#  > Portal Under-Linux.Org >  > Assuntos não relacionados >  >  Implantação de estrutura com fibra óptica

## cristianoribeiro

Estamos passando por uma nova fase, vamos iniciar a implantação em uma nova cidade e desta vez será feita em fibra óptica.
Então tenho varias dúvidas. 
Dentre elas, quais são os dados que devo recolher, em campo, para eu enviar ao projetista.
Sei que preciso de: 

.A distância entre os portes.
.Se o porte tem ou não, transformado.
.Se o porte tem ou não, caixa de divisão.
.Se o porte tem ou não, algum defeito.
...................................
......Se alguém puder listar o restante, desde já agradeço.

----------


## Spina

Cristiano,

Tenho uma apostila sobre a implantação da tecnologia GPON.

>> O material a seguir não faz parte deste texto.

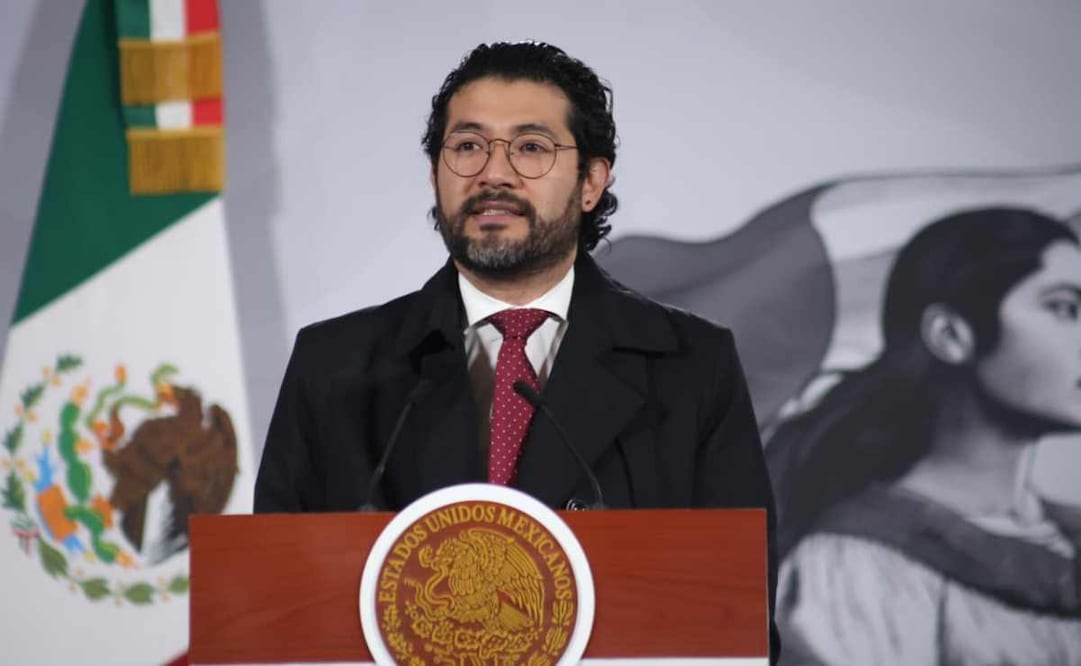 Marath Bolaños, titular de la Secretaría del Trabajo y Previsión Social (STPS), durante la mañanera del 3 de diciembre del 2025. Foto: Luis Camacho  / EL UNIVERSAL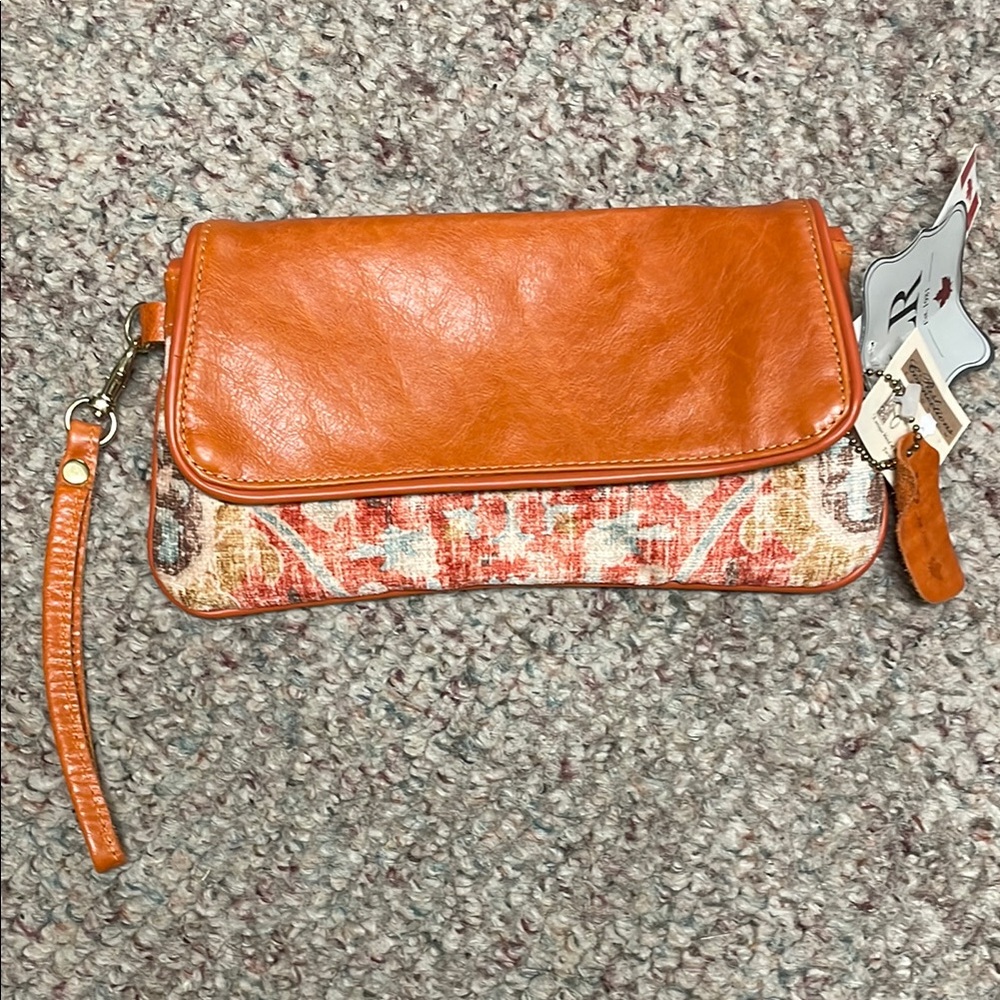 LR leather clutch/wallet in Orange and Patterned print with wrist strap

Se tiver interesse te envio.

Spina

----------


## studioa1

Spina! Bom dia!
Se puder tb enviar para [email protected] ficaria muito agradecido!

----------


## endnet

Spina,

Se puder envia pra mim também.
Fico muito grato.
[email protected]




> Cristiano,
> 
> Tenho uma apostila sobre a implantação da tecnologia GPON.
> 
> Se tiver interesse te envio.
> 
> Spina

----------


## demattos

amigo spina coloca ai para a comunidade, mas sobre estes dados vc poderia ver com a empresa de fornecimento eletrico, eles vao orientar no projeto

----------


## Saoluizense

Olá ! tb tenho interesse na apostila
caso possa enviar pra mim tb 
desde jah agradeço
[email protected]
Grato ;

----------


## cristianoribeiro

Bom dia, Spina.
Tenho interesse sim, muito obrigado.
Onde eu click para vc ganhar alguns pontos...?

----------


## demattos

> Cristiano,
> 
> Tenho uma apostila sobre a implantação da tecnologia GPON.
> 
> Se tiver interesse te envio.
> 
> Spina


manda para mim tambem, [email protected]

----------


## Jadir

Cristiano, posso te dar uma sugestão? Procura te informar sobre redes com cabo coaxial, nos padrões da Net Combo, que usa HFC (híbrido de fibra com coaxial) ou até mesmo HPNA/HCNA.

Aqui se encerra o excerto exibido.